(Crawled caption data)
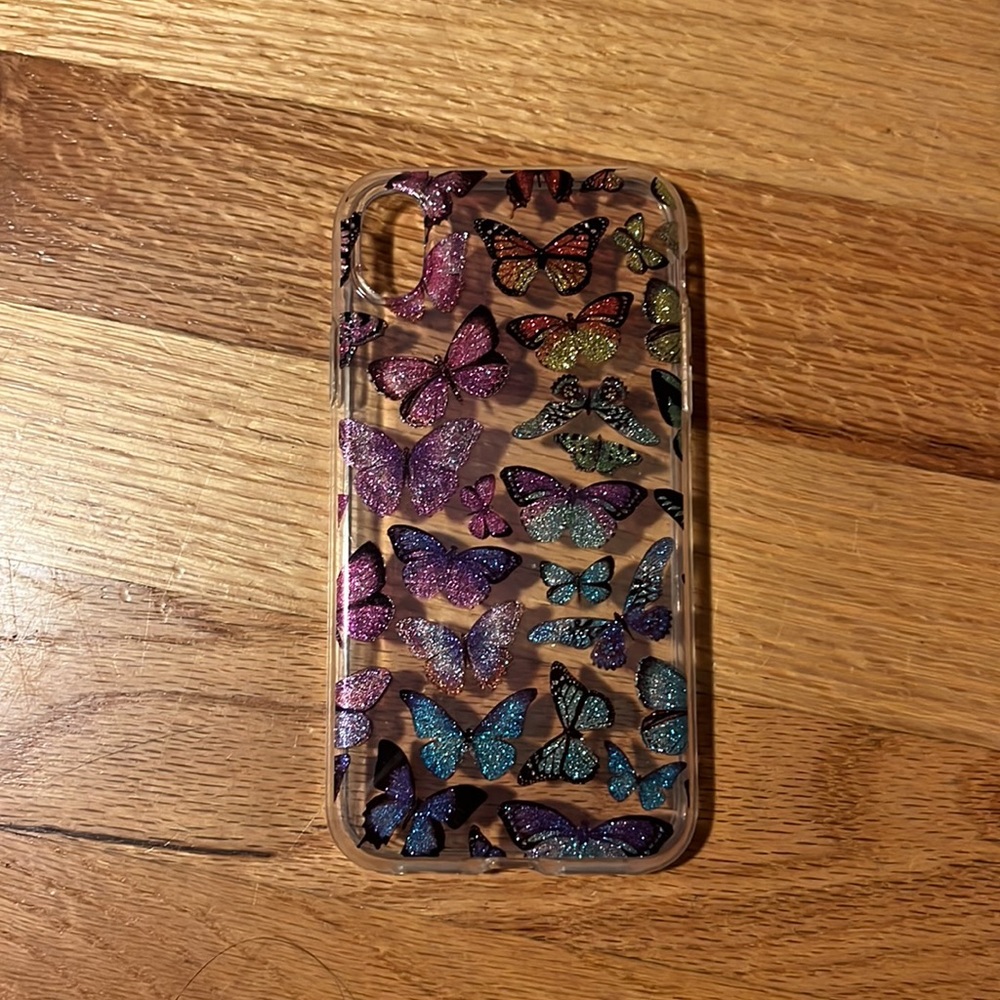 5 Pack Of Iphone Xr Phone Cases (Nwt) - image 6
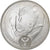 South Africa, 5 Rand, Rhinocéros, 2020, South Africa Mint, 1 Oz, Silver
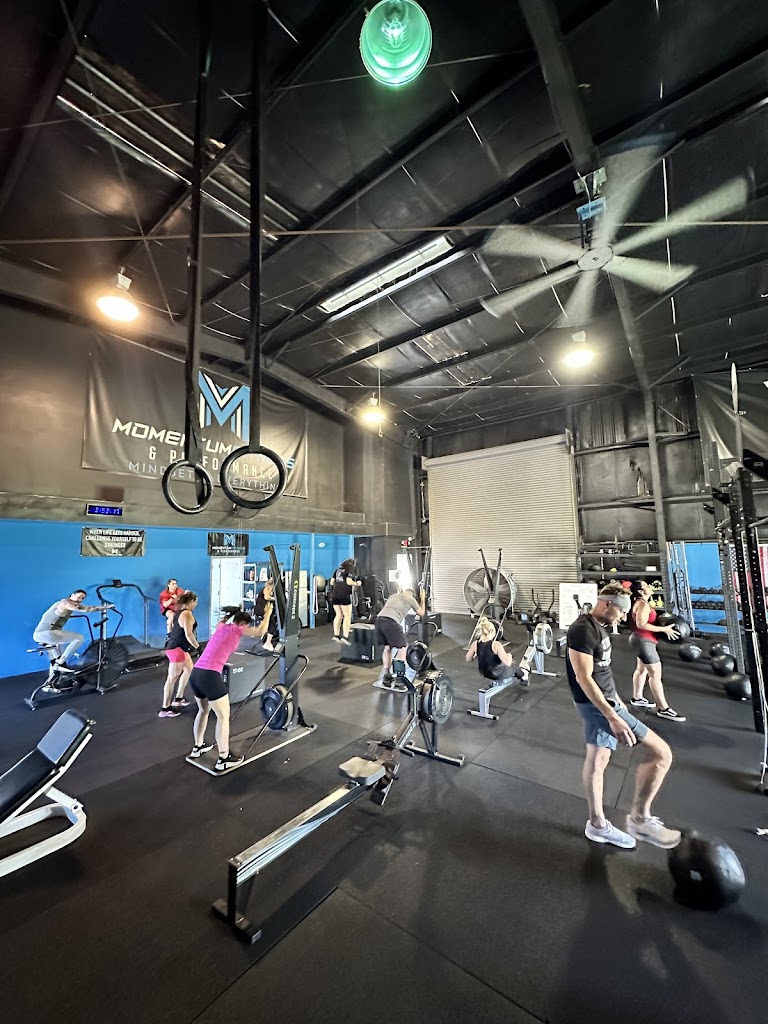 Momentum Fitness & Performance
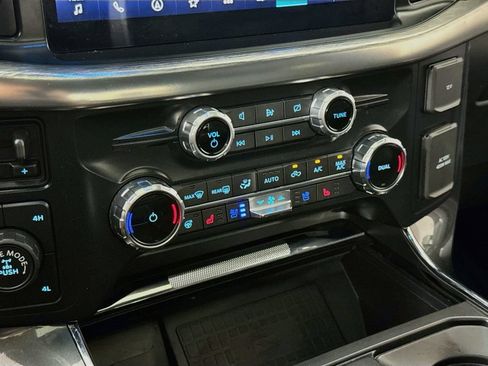 Used 2022 Ford F150 Lariat w/ Equipment Group 502A High AWD/4WD image 19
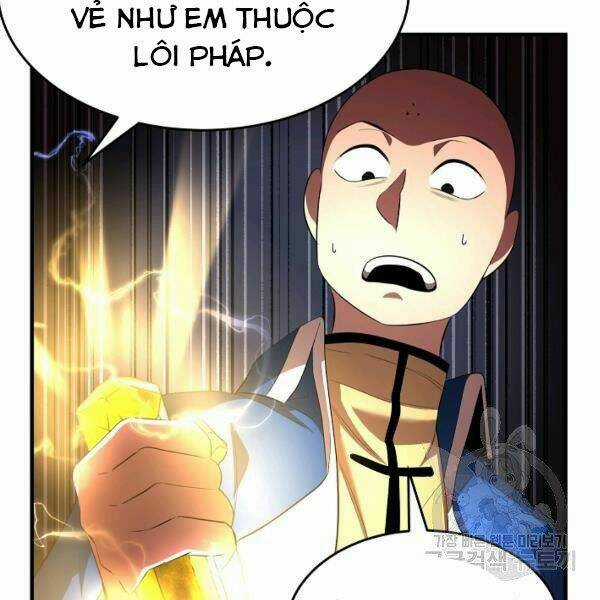 Thiên Ma Tiêu Diệt Lich King Của Murim Chapter 36 trang 37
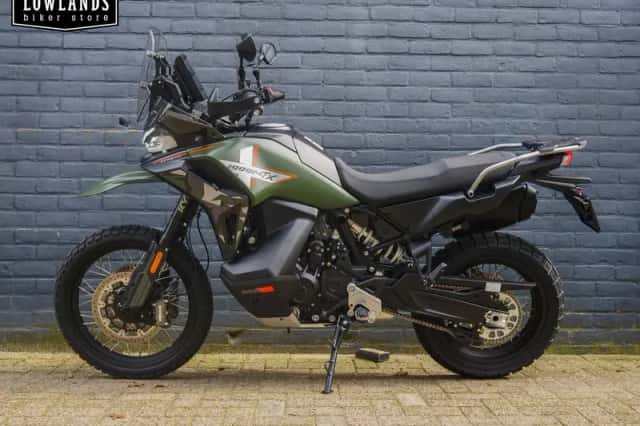 CFMoto 1000 MT-X (2026) thumbnail 4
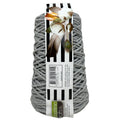 Macrame Cord 370g 275m - 2mm Grey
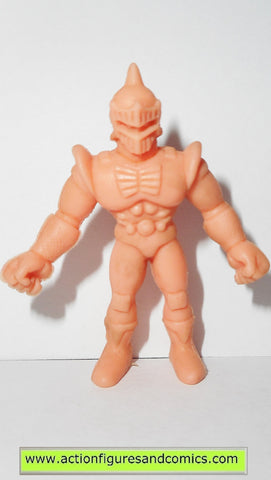 Kinnikuman Kinkeshi m.u.s.c.l.e ROBIN MASK A 046 skin Japan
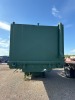 2005 Fontaine Mud System Trailer w/National Oilwell JWS-400 Pump and TDS Swivel - 2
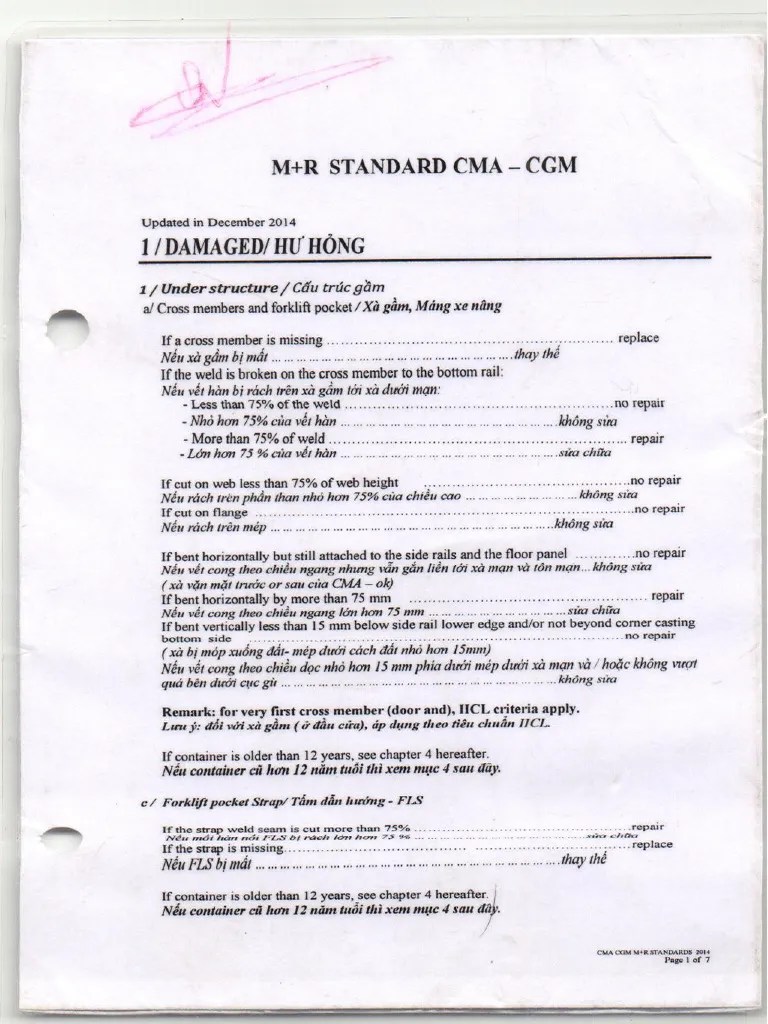 Cma Pdf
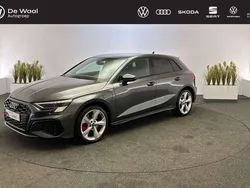 Grijs Gebruikt 2024 Audi A3 Sportback e-tron Ambiente Sedan | € 42.900 (Goede deal)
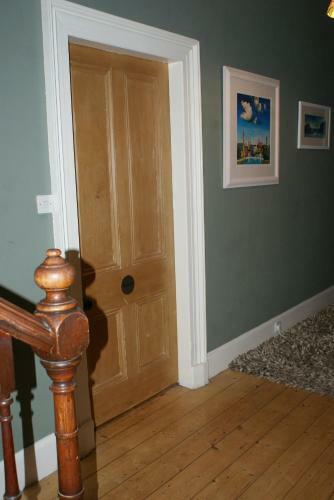 Invernevis Bed And Breakfast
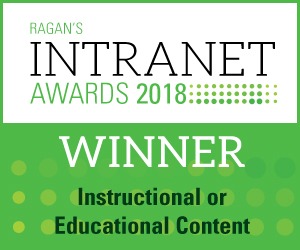 Instructional or Educational Content - https://s41078.pcdn.co/wp-content/uploads/2019/01/intranet18_win_instructional.jpg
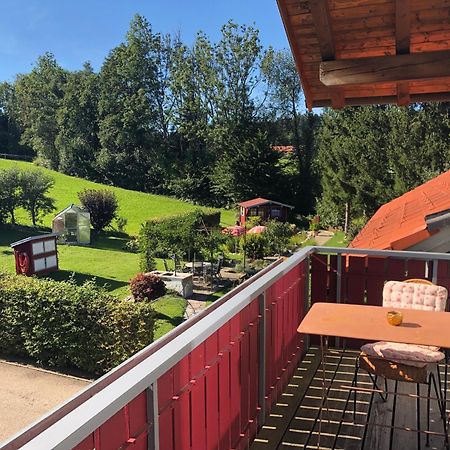 Panoramablick Apartment Stiefenhofen ภายนอก รูปภาพ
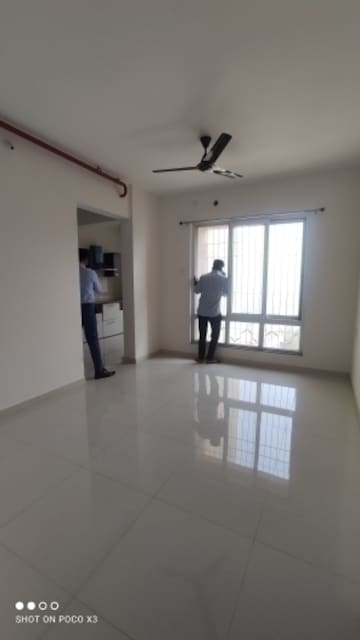 1 BHK Apartment For Rent in Puraniks City Reserva Ghodbunder Road Thane  7667488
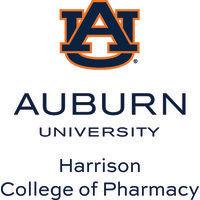 auburn university harrison college of pharmacy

ABOUT THIS TASK - Please transcribe exactly the lines from the one containing "CFMoto 1000 MT-X (2026) thumbnail 4" through the last line of the records above, both included, and leave out every picture.

REPLY -
 CFMoto 1000 MT-X (2026) thumbnail 4
 Macrame Cord 370g 275m - 2mm Grey
 Kinnikuman Kinkeshi m.u.s.c.l.e ROBIN MASK A 046 skin Japan
 2005 Fontaine Mud System Trailer w/National Oilwell JWS-400 Pump and TDS Swivel - 2
 Cma Pdf
 Grijs Gebruikt 2024 Audi A3 Sportback e-tron Ambiente Sedan | € 42.900 (Goede deal)
 Invernevis Bed And Breakfast
 Instructional or Educational Content - https://s41078.pcdn.co/wp-content/uploads/2019/01/intranet18_win_instructional.jpg
 Panoramablick Apartment Stiefenhofen ภายนอก รูปภาพ
 1 BHK Apartment For Rent in Puraniks City Reserva Ghodbunder Road Thane  7667488
 auburn university harrison college of pharmacy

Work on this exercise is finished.